I'm guessing, "It seems like [it's true] that they are coming", but English wouldn't have "that" in the sentence.
Seems analogous to the "que" that Spanish inserts between clauses like this.
I'd say that's pretty accurate
"Det verkar SOM ATT de kommer" in German could be "Es scheint ALS OB sie kämen", so that translation to "som att" seems pretty clever.
We can actually say som om in Swedish as well, so that's more direct. The distinction is largely irrelevant to everyday language nowaday anyway.
I've seen in a dictionary the sentence, "Det verkar som om du vara inte intresserad" ("You don't seem to be interested.") I'm wondering what's the difference between "verkar som om" and "verkar som att"?
I assume you mean Det verkar som att du inte är intresserad. In most everyday usage, there is no real difference in practice nowadays - but there can be a difference, based on how it used to be, namely:
- som att implies that it might actually happen.
- som om implies a comparison to something that is not realistic.

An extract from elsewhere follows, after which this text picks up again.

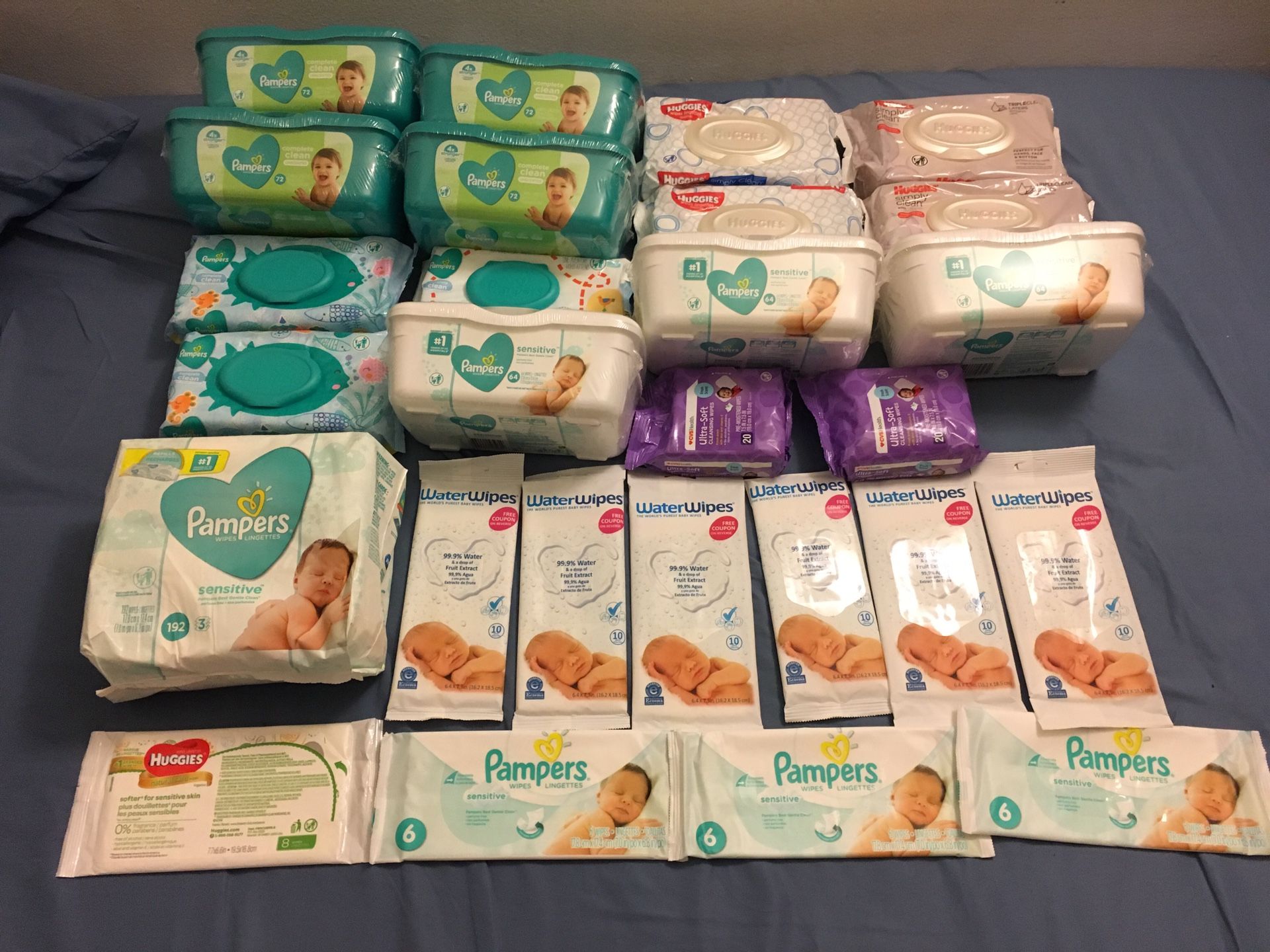 BRAND NEW SEALED 1270 Counts Baby Wipes from Pampers and Huggies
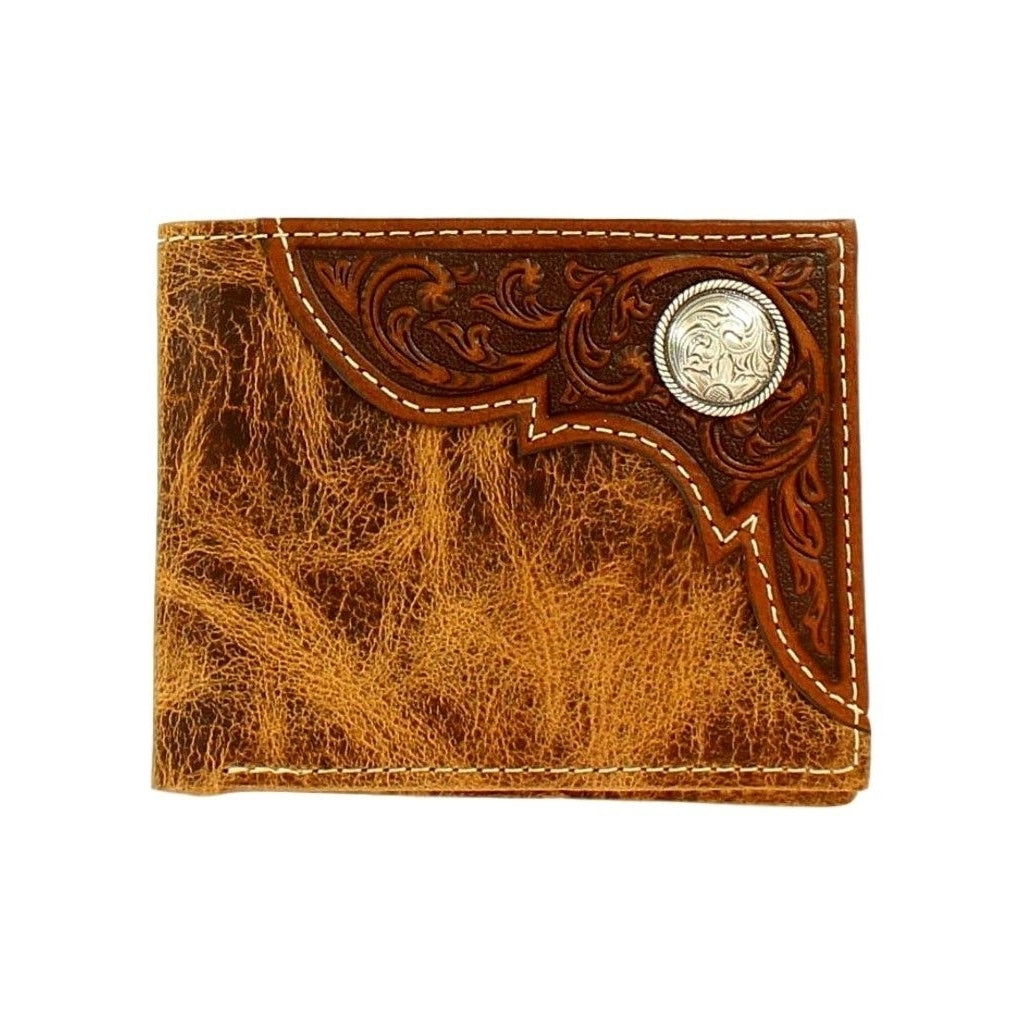 Ariat Western Wallet Mens Bi-fold Distress Emboss Overlay Tan A3532408 Image 1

It appears as if the verb, verkar, functions alone when the structure of the sentence is subject+verb+adjective: Maten verkar god. But when the structure of the sentence is subject+verb+dependent clause (signaled by att), then I need to use verkar som: Det verkar som att de kommer. (It seems that they are coming). This would mean that the use of any subordinating conjunction (om, när) would require the use of verkar som. Do I have this right?
I wrote: "It looks like, THAT they are coming" and it put a fat fail in my face... Isn't att = that in this case?
Sentences don't always translate word-for-word. Your suggestion would be very unidiomatic in English. The Swedish som att translates idiomatically, into "like", "as though", etc.